Siyasi Yasakların Kaldırılması İçin Referandum ne zaman yapılmıştır ve sonuç ne olmuştur?
1987 yılına gelindiğinde siyasi yasakların kaldırılması sorunu daha fazla tartışılmaya başlandı. Bunun üzerine Başbakan Özal konuyu referanduma sunmayı önerdi. Bütün muhalefet partileri (SHP, DYP, RP ve MÇP) siyasi yasakların kalkması için kampanya yürütürken iktidardaki Özal’ın ANAP’ı ise 12 Eylül’e neden olan liderlerin tekrar siyasete dönmemelerini istediği için “Hayır” kampanyası yürüttü. Bu kampanyadan, Özal’ın “Hayır’da hayır vardır” sözü akıllarda kaldı. Siyasi yasakların kalkıp kalkmaması konusunda 6 Eylül 1987 tarihinde yapılan anayasa değişikliği referandumunda kullanılan oyların %50.2’si evet yönünde, %49.8’i ise hayır yönünde olunca kıl payı da olsa yasakların kalkması sağlandı. Beklendiği gibi yasağı kalkan “Dörtler” hemen aktif siyasete girdiler. Demirel DYP’nin, Ecevit DSP’nin, Erbakan RP’nin ve Türkeş MÇP’nin genel başkanları oldular.
29 Kasım 1987 tarihinde yapılan erken genel seçimlerde hangi parti üstünlük sağlamıştır?

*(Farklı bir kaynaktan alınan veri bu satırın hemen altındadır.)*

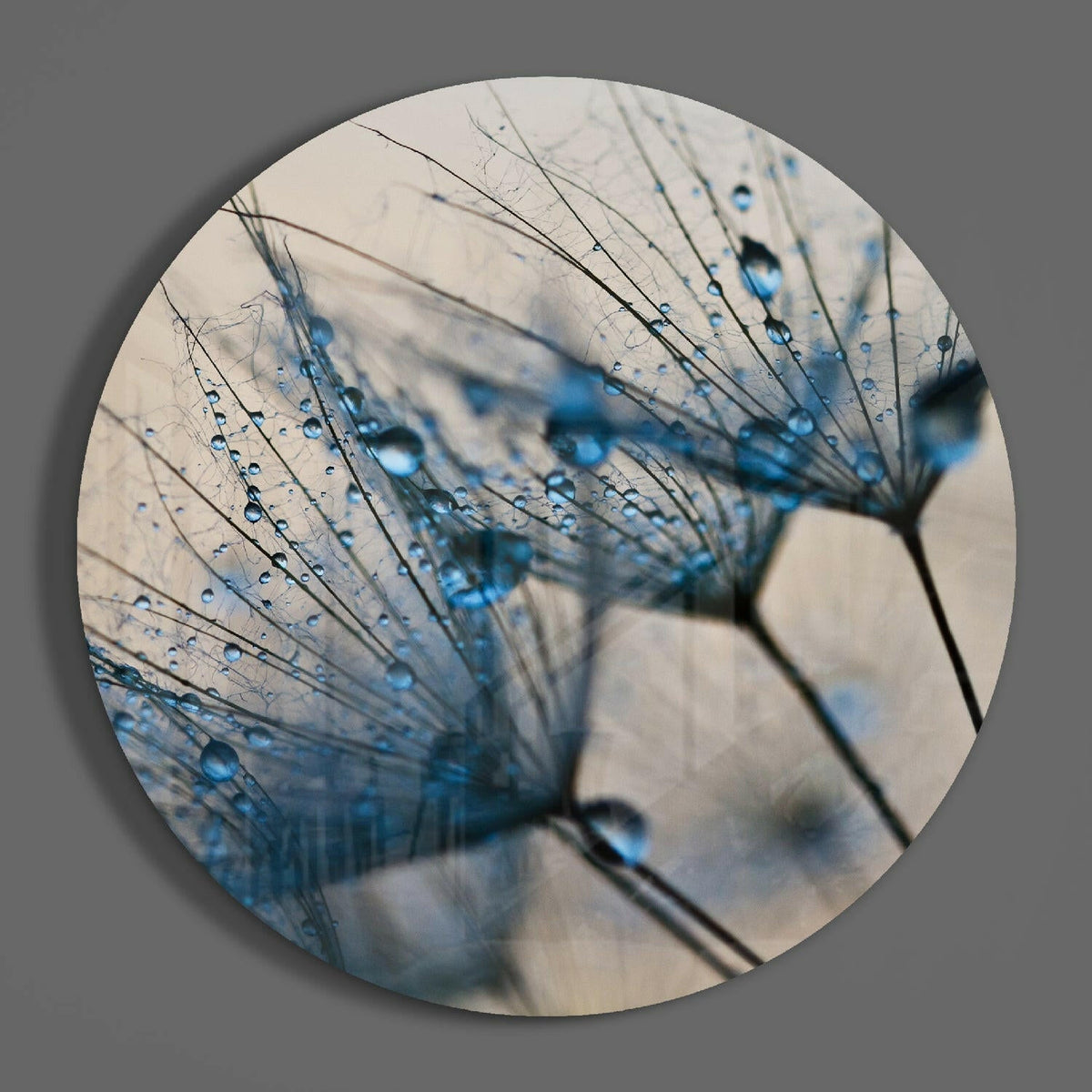 Blue dewdrop dandelion seeds round glass wall art on a plain gray wall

29 Kasım 1987 tarihinde yapılan erken genel seçimlerde ANAP, güçlü toplumsal tabanları ve liderlikleri olan SHP ile DYP gibi yeni muhalefet partileriyle ve yeniden siyasete dönen meşhur Dörtlerle yarıştı. Seçimlerde %36.3 oranında oy alan ANAP, 292 milletvekili kazandı. Merkez solda yer alan SHP %24.7 oy oranıyla 99 milletvekili çıkarırken merkez sağda yer alan DYP ise %19.1 oy oranıyla 59 milletvekilliği kazandı. Seçimlerin sonucunda Özal ikinci hükûmetini kurarak güvenoyu aldı ve değişim siyasetine kaldığı yerden devam etti.
Barış Suyu projesi nedir?
Başbakan Turgut Özal’ın Orta Doğu’daki barış görüşmelerine katkı sağlamak için, Seyhan ve Ceyhan nehirlerinin suyunu iki farklı boru hattıyla su sıkıntısı çeken bölge ülkelerine ulaştırılmasını amaçlayan uluslararası bir projedir.

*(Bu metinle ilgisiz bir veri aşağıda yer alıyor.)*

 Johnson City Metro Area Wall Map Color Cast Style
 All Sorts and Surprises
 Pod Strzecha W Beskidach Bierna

Türkiye Cumhuriyeti’nin sekizinci Cumhurbaşkanı kimdir ve ne zaman seçilmiştir?
Türkiye’nin 7. Cumhurbaşkanı Kenan Evren’in yedi yıllık görev süresinin bitmesinin ardından 31 Ekim 1989 tarihinde Mecliste cumhurbaşkanlığı seçimleri yapılmıştır. 31 Ekimde yapılan 3. tur oylamada Türkiye siyasi tarihinde bir ilk gerçekleşerek gerçek manada sivil bir siyasi lider olan Başbakan Özal cumhurbaşkanı seçilmiştir.

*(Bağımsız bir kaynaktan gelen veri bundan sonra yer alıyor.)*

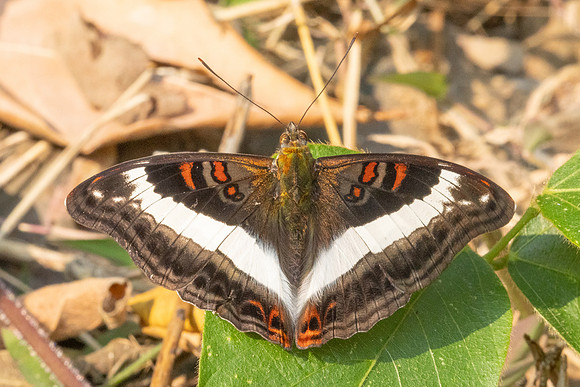 Limenitis dudu secius -1082 - Chiang Dao - 17/03/24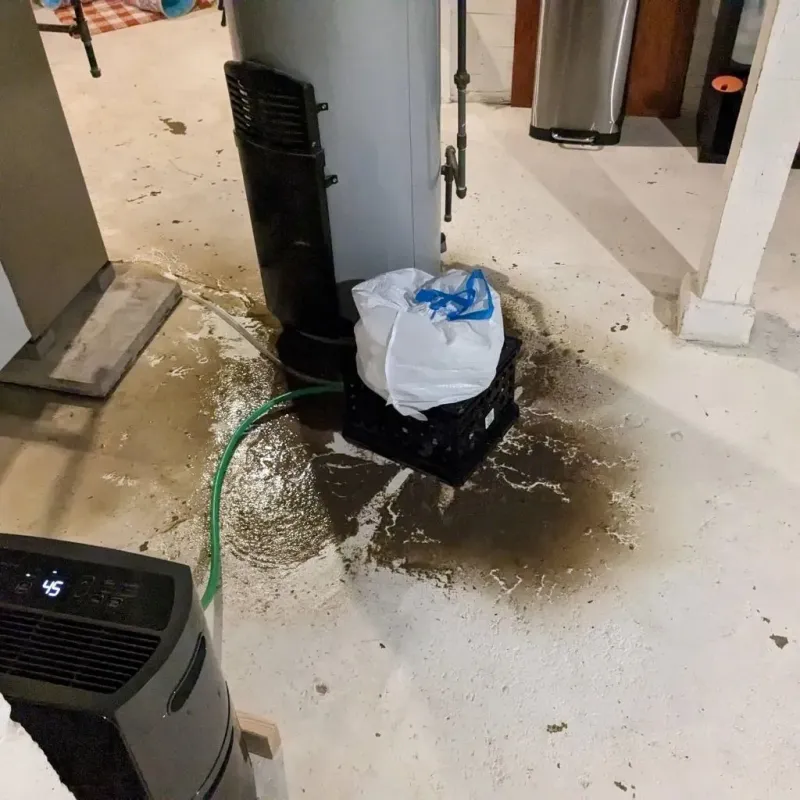 Sewage Backup Cleanup Service in Alliance, NE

Özal cumhurbaşkanı iken ülkenin dış politikasında etkili olduğunu gösteren en önemli gelişme hangisidir?
Özal’ın cumhurbaşkanı iken ülkenin dış politikasında etkili olduğunu gösteren en önemli gelişme Körfez Savaşı’dır. Cumhurbaşkanı Özal, Saddam Hüseyin’in Kuveyt’i işgali üzerine başlayan Körfez Krizi ve Savaşı’nda çok etkin bir rol oynamıştır. Saddam Irak’ını Türkiye için de tehdit olarak gören Özal, Saddam’ı iktidardan düşürmek için çabalamıştır. Biraz da bu nedenle ABD öncülüğündeki uluslararası koalisyona tam bir destek vermiştir. Bazıları bunu Amerikancı olarak niteleseler de o dönemde hemen hemen tüm dünya ülkeleri ABD ile birlikte hareket etmişlerdi. Özal, ABD’nin talebinden önce Kerkük-Yumurtalık Petrol Boru Hattı’nı kapatmış; BM kararından sonra da İncirlik Hava Üssü’nü koalisyon uçaklarının kullanımına açmıştır. Aslında bu gelişmeler, Özal’ın pro-aktif siyasetinin birer tezahürüydüler.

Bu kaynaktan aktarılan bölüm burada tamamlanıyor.